• PROBLEM TO SOLVE: Transcribe the data that follows precisely, omitting nothing.

(Caption-style text data)
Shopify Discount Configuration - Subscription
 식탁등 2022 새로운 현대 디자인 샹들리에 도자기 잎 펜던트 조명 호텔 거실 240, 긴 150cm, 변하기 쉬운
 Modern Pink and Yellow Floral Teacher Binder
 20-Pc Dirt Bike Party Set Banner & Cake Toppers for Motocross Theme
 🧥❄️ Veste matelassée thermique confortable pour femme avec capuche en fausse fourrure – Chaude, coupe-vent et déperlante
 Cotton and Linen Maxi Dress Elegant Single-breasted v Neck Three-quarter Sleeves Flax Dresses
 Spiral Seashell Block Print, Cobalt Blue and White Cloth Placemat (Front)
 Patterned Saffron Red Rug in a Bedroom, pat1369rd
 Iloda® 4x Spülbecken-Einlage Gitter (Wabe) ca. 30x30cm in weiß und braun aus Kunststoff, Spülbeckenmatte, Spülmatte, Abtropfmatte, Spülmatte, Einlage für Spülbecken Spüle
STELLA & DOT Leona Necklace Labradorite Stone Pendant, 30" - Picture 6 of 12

• THE COMPLETED TASK:
Shopify Discount Configuration - Subscription
 식탁등 2022 새로운 현대 디자인 샹들리에 도자기 잎 펜던트 조명 호텔 거실 240, 긴 150cm, 변하기 쉬운
 Modern Pink and Yellow Floral Teacher Binder
 20-Pc Dirt Bike Party Set Banner & Cake Toppers for Motocross Theme
 🧥❄️ Veste matelassée thermique confortable pour femme avec capuche en fausse fourrure – Chaude, coupe-vent et déperlante
 Cotton and Linen Maxi Dress Elegant Single-breasted v Neck Three-quarter Sleeves Flax Dresses
 Spiral Seashell Block Print, Cobalt Blue and White Cloth Placemat (Front)
 Patterned Saffron Red Rug in a Bedroom, pat1369rd
 Iloda® 4x Spülbecken-Einlage Gitter (Wabe) ca. 30x30cm in weiß und braun aus Kunststoff, Spülbeckenmatte, Spülmatte, Abtropfmatte, Spülmatte, Einlage für Spülbecken Spüle
STELLA & DOT Leona Necklace Labradorite Stone Pendant, 30" - Picture 6 of 12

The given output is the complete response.